● SUPPLIED MATERIAL:
#####

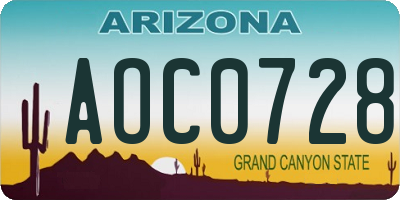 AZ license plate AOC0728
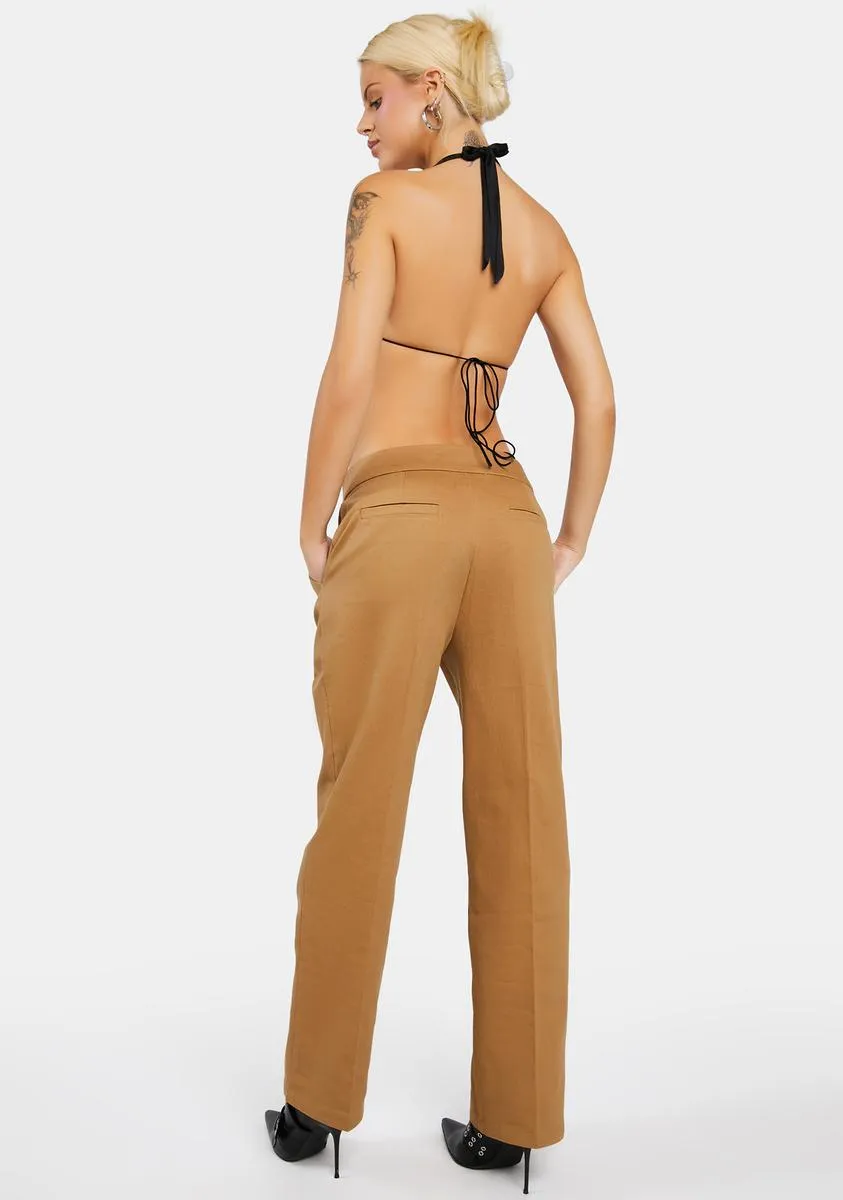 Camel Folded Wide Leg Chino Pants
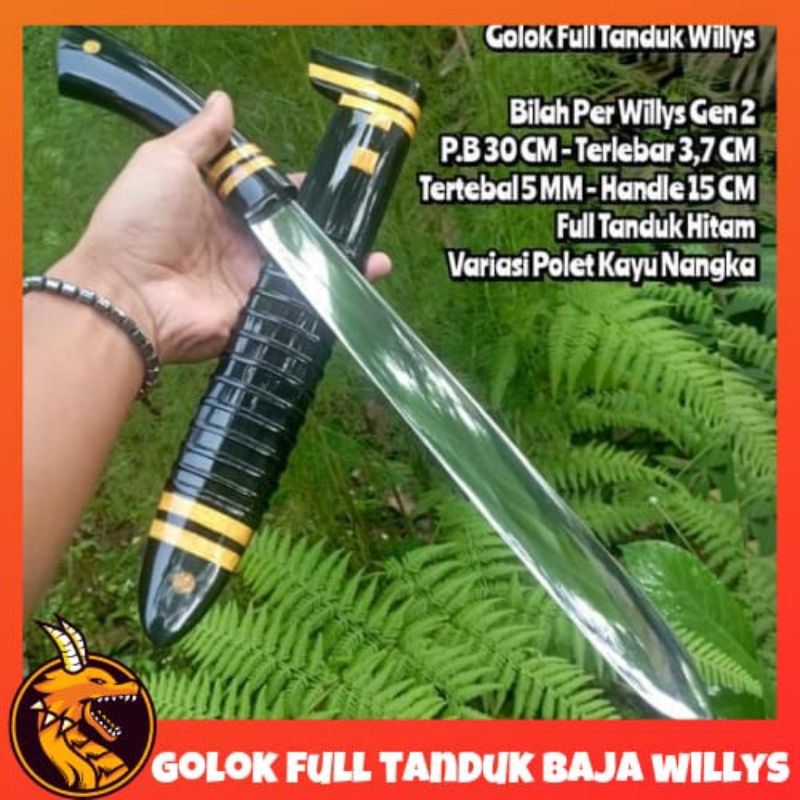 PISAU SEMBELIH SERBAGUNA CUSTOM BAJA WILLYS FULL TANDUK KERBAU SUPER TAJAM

#####

● WHAT THIS TASK INVOLVES: Starting at the line that holds "Camel Folded Wide Leg Chino Pants" and ending at the last line of the material above, repeat each line exactly, both ends included, and leave the pictures out.

● TASK RESULT:
 Camel Folded Wide Leg Chino Pants
 PISAU SEMBELIH SERBAGUNA CUSTOM BAJA WILLYS FULL TANDUK KERBAU SUPER TAJAM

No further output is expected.